Já foi citado por muitos pensadores que “a primeira de todas as sabedorias é conhecermos os nossos limites”. Aquele que adquire noção das próprias limitações encontra o caminho do equilíbrio. Descobre como foi indispensável à meditação feita em busca de uma mais clara consciência de si e do mundo, com a ajuda sempre indispensável dos outros que com ele convivem no cotidiano. A aceitação de si mesmo terá, entre outras, os seguintes componentes: a) Que a pessoa se assuma como ser de extremos, diríamos mesmo como ser de contradições. Afinal, já dizia o filósofo alemão Arthur Schopenhauer (1788-1860), que no ser humano há um enorme gigante chamado “vontade”, que carrega em seu ombro um pequeno anãozinho chamado “razão”.

O anão vive dizendo coisas ao ouvido do gigante, sendo que entre eles há muitos desencontros e também muitos encontros. Por isto às vezes é bem difícil agir como pensamos ou, como se costuma dizer, difícil ser coerentes. Somos como somos. É nossa tarefa melhorarmos, mas não além dos nossos limites. b) Do ponto de vista natural, cada um aceita sua condição de ser entre os seres, sua situação de ser um dado da natureza entre milhões de outros. Mas, em seguida se conscientize do fato de sendo homem, estar na posição de um ser que pensa os demais, escapando a um nivelamento com toda a natureza, é a faculdade humana de transcendência. c) Ainda há componente de abrirmos nossa sensibilidade aos encantos que existem em nossa condição, há um tempo frágil e atuante. Aos encantos que há em não sermos divindades, mas só ser humano gozando a humilde graça de viver nossa natureza. 

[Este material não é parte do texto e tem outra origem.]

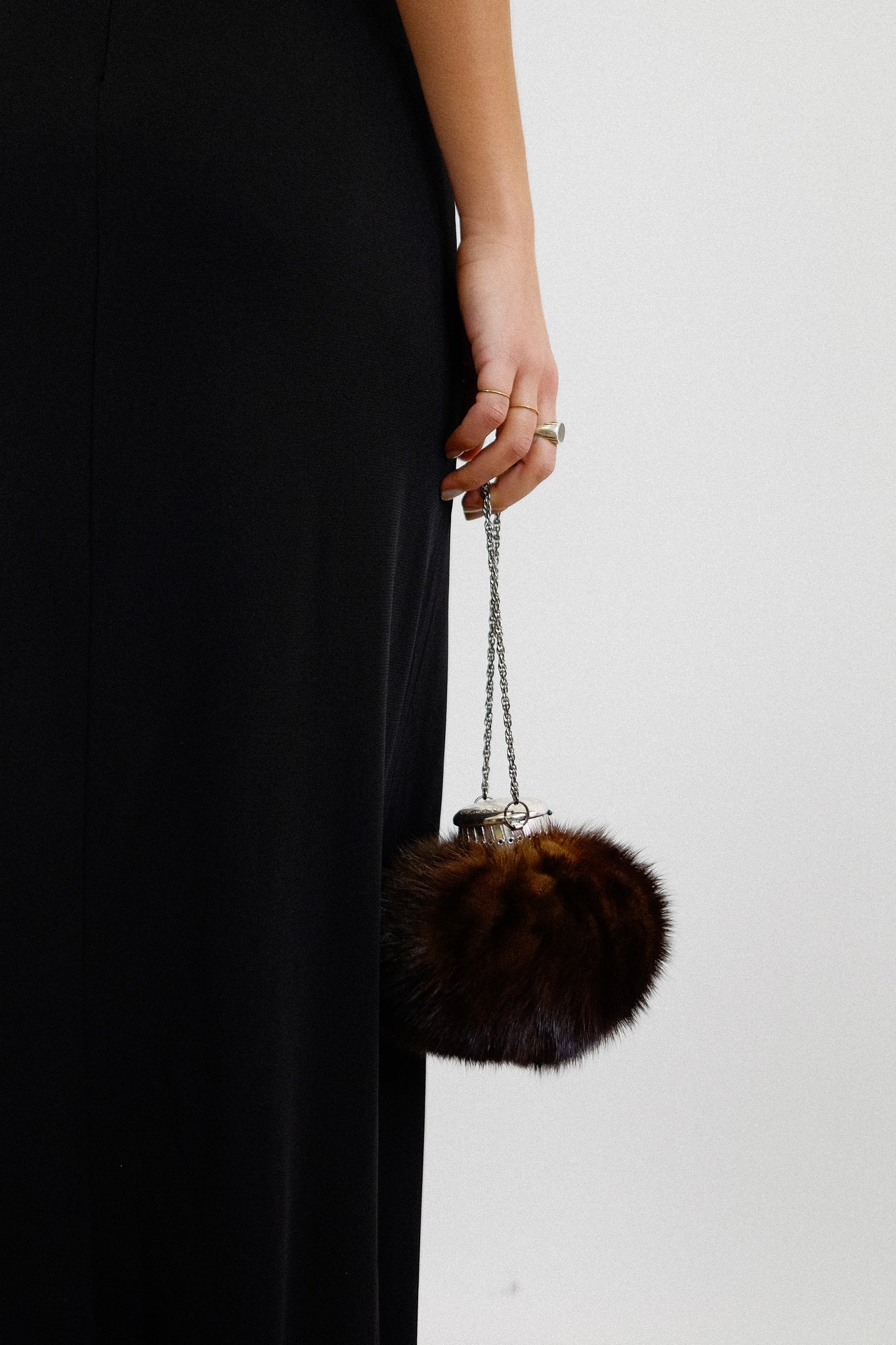 VINTAGE 1960S MINK FUR EXTENDING RETICULE BAG IN NATURAL MINK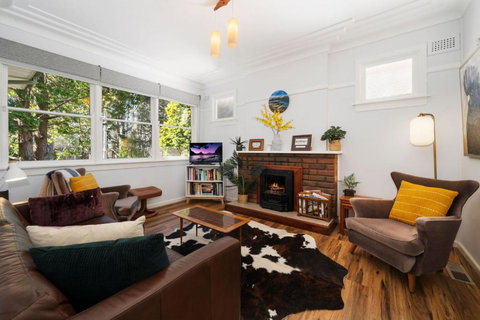 Pine Lodge - Hotel Gold Coast 1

Depois de paciente meditação, ficaremos tranquilos ante o fato de que nossas vidas sejam tecidas de crenças e dúvidas, de algumas certezas e inúmeras interrogações, lembrando das aulas de antropologia filosófica do Prof. Régis de Morais (1940), que recomendava: “Tenha as suas crenças e tenha as suas duvidas”. Este bem humorado conselho ajuda-nos a não cometermos a frivolidade de nos levarmos sempre demasiado a sério. A aceitação de si mesmo é um momento dialeticamente muito rico, pois, ao mesmo tempo em que aponta para a humildade das limitações humanas, aponta para o abismo que separa o homem do restante da natureza, isto é, sua possibilidade de refletir. 

Aquele que consegue trazer essa consciência para o dia a dia, levando a vida naturalmente e descomplicadamente, aberto à compreensão do seu semelhante, este se aceitou. Ele guarda consigo a certeza de que, como ser falível, a qualquer momento pode errar (isto será um direito seu), como também tem claro para si que pode procurar corrigir os seus equívocos (e isto será seu dever). É por este modo completamente humano de se situar na vida, que dizemos: este aceitou a si mesmo. 

Comumente se diz que nossa identidade, a descoberta de quem realmente somos, nos chega através dos outros que partilham conosco “o caminho”. E isto é muito verdadeiro. Todavia, é importante não confundir esta afirmação com outra, certamente equivocada, de que nosso semelhante é quem nos dá nossa identidade. Tudo se passa como alguém que se olha num espelho: sua imagem, uma vez refletida, lhe chega graças (através) do espelho; mas sua imagem não tem origem no espelho. Os que convivem conosco, reagindo a nossa presença no mundo, funcionam como espelhos privilegiados, espelhos dotados de afetividade que nos dão condições de descobrirmos quem somos. Mas em tudo isto é preciso haver uma combinação de humildade com senso crítico, para não corrermos o risco de aceitar ser o que não somos de fato. 


Portanto, nossa identidade é facilitada pelos outros, mas a aceitação de nós mesmos é o resultado de um trabalho paciente, através do qual nós mesmos devemos perceber-nos e nos dar uma espécie de autorização para viver. A consciência de si recria para cada um nós, esse belo espetáculo que é a "vida". Aceitar sem vontade é morrer para a vida e enterrar o entusiasmo e o desejo que nos move.